(What to produce):
Would you print, word for word, only the lines running from the line with "小米充电器自动包膜机生产实物图" to the last line of the entries, without the pictures?

** Available data follows **

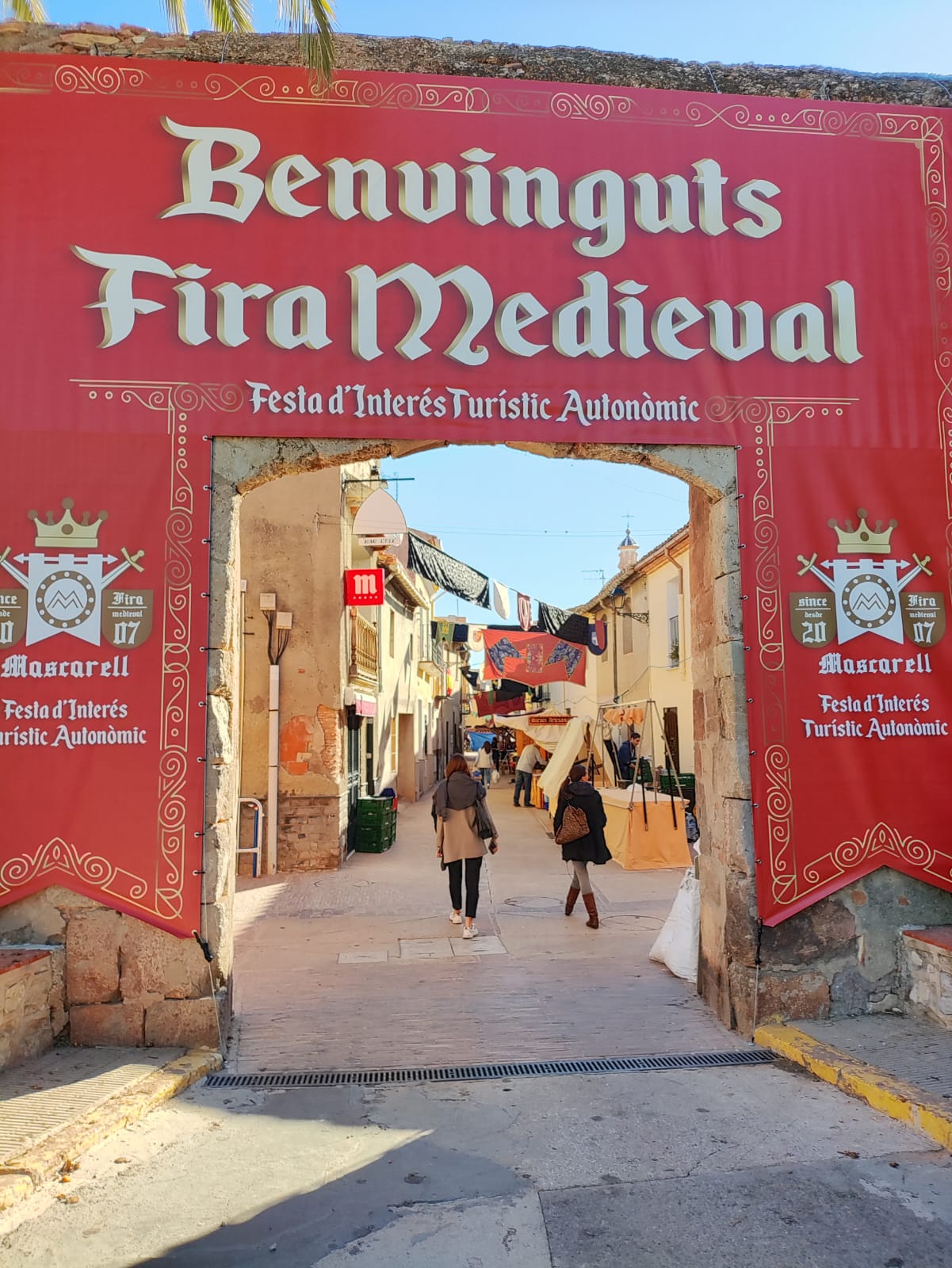 Investigan el robo en seis paradas de la Feria de Mascarell Investigan el robo en seis paradas de la Feria de Mascarell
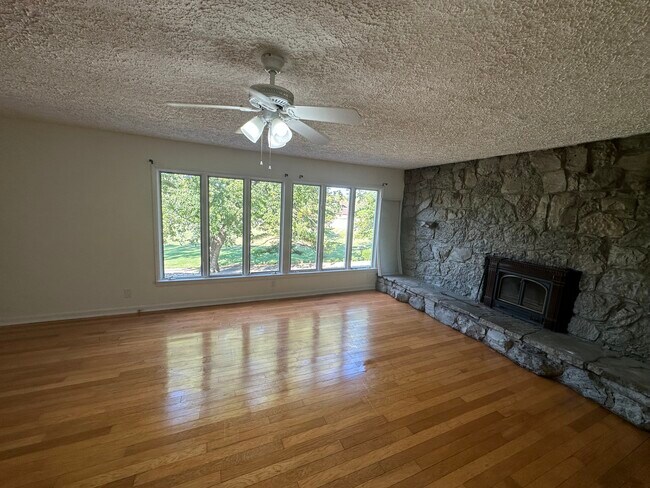 Building Photo - 1516 Schuff Ln
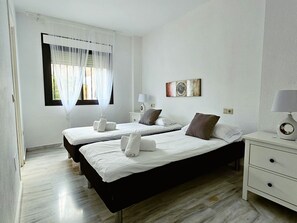 4 Schlafzimmer, Reisekinderbett, Internetzugang, Bettwäsche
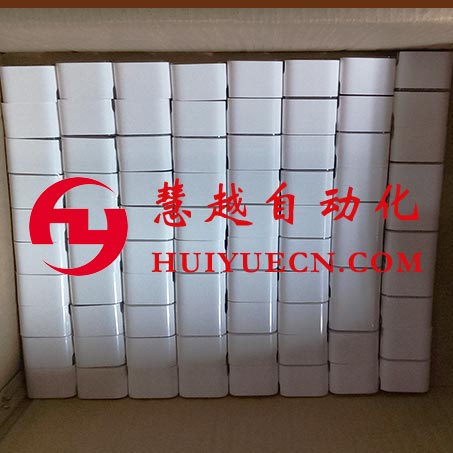 小米充电器自动包膜机生产实物图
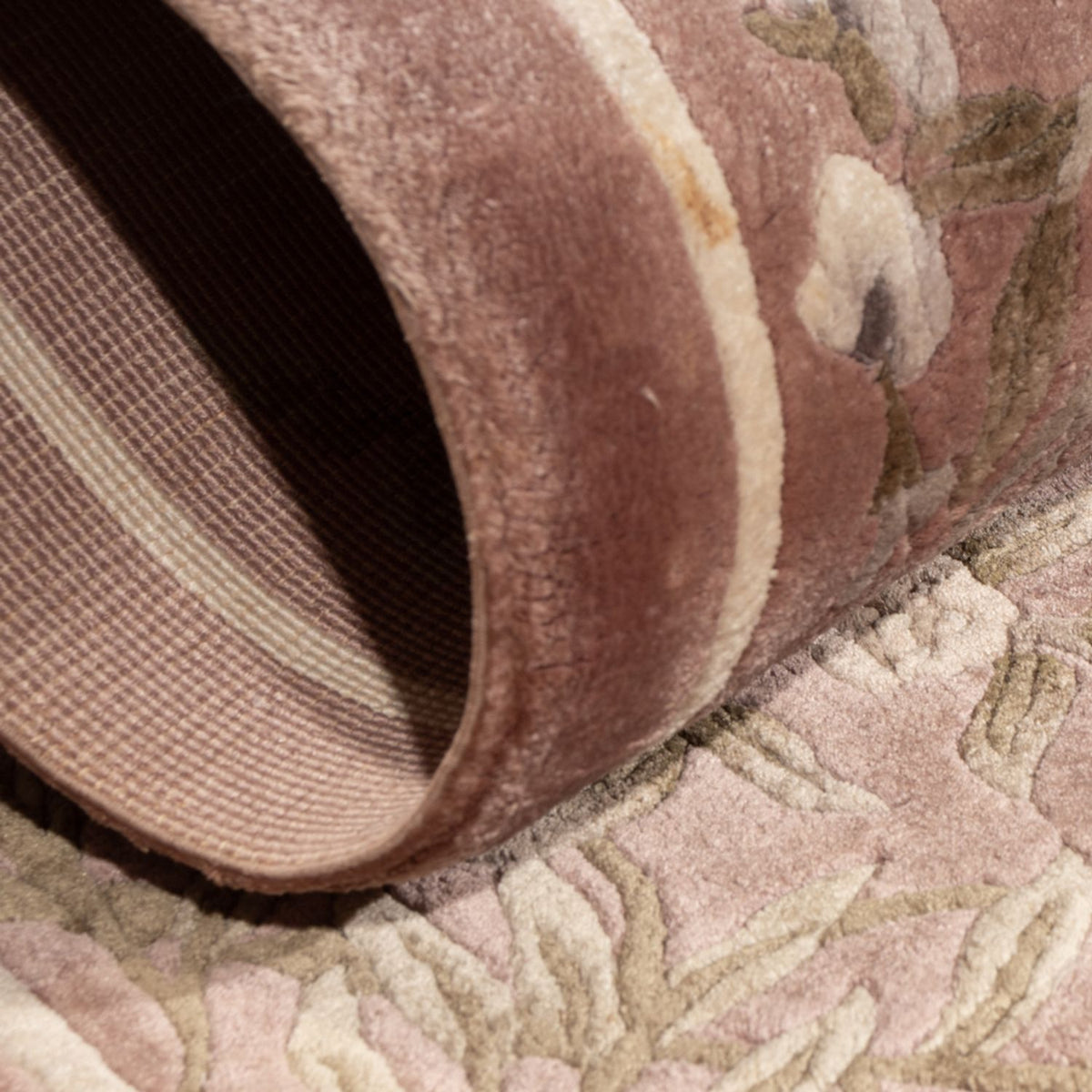 Silk Rug - Chinese Silk - 123 x 62 cm - beige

** End of Available data **

(Solution for this problem):
 小米充电器自动包膜机生产实物图
 Silk Rug - Chinese Silk - 123 x 62 cm - beige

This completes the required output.